В марте[248], по возвращении в Воробьевку, я усердно задался мыслью завершить полный перевод Горация и представить его на общий суд.

Зная по опыту трудность, встречаемую при переводах классиков, я просил моего доброго московского знакомого поискать для меня на лето после экзаменов за известное вознаграждение хорошего студента-филолога, способного делать справки по мере надобности и моему указанию. На это мой приятель ответил, что такого студента он не знает, но что, когда он стал об этом говорить между своими товарищами учителями гимназии, один из них, преподаватель латинской словесности, немец Максим Германович Киндлер вызвался без всякого вознаграждения приехать ко мне по окончании экзаменов, чтобы работать вместе над Горацием.

«Боже, — подумал я, — какой пример для наших специалистов!»

Добродушный, трудолюбивый, одноцентренный Максим Германович оказался идеалом специалиста. При 2-х месячном ежедневном совместном труде поневоле пришлось близко ознакомиться с этим, у нас почти не существующим типом.

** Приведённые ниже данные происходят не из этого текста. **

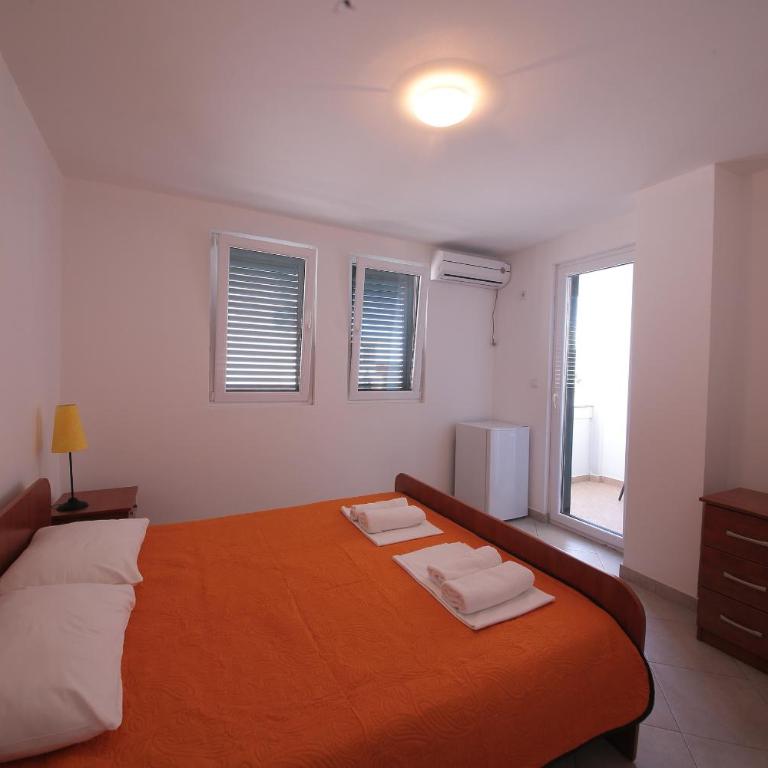 Guest house Zenović - Double Room with Balcony - 2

Не встречая в мире ничего, видимо, выступающего из вековечных границ причинности, он считал всякую мысль о невещественном для себя неподсудной и бесплодной, и потому прямо говорил: «Я этого совершенно не знаю и навсегда оставил об этом думать». Будучи своею специальностью указан на мастерскую форму древних писателей, у которых она, как у черепокожных, выставляет свой костяк наружу как основную и существеннейшую свою часть, — Киндлер тонко понимал виртуозный выбор древними отдельных выражений. Но о том, чего не встречается в древних поэтах, он тоже не имел никакого понятия. Того тайного смятения, того неопределенного подъема и стремления к неведомому, которым полны корифеи христианского мира, начиная с Шекспира и Байрона и самого Гете и кончая Гейне и Лермонтовым, — у древних не существовало, и надо быть на этот счет весьма чувствительным, чтобы почувствовать зародыш этого веяния (романтизма) у Проперция. Нельзя не заметить, что по отношению к нашему русскому умственному вертограду так и хочется применить замечание, что самый сладкий плод с червоточиной. Оглянитесь на знакомых русских служителей Аполлона, и вы убедитесь в справедливости моего замечания; но у Максима Германовича не было никакой червоточины; для него Прусское государство, т. е. Германская империя, была верхом совершенства: она вся состоит из превосходно обученных и вооруженных солдат и переплетена подземными телеграфными линиями, дающими при железных дорогах возможность задавить первого врага массой вооруженной защиты. Там люди изучают древних ради их образцового совершенства, а не ради чинов. Словом, с этих сторон Максим Германович был неуязвим, и я старался избегать с ним разговоров о несравненном величии Германской империи.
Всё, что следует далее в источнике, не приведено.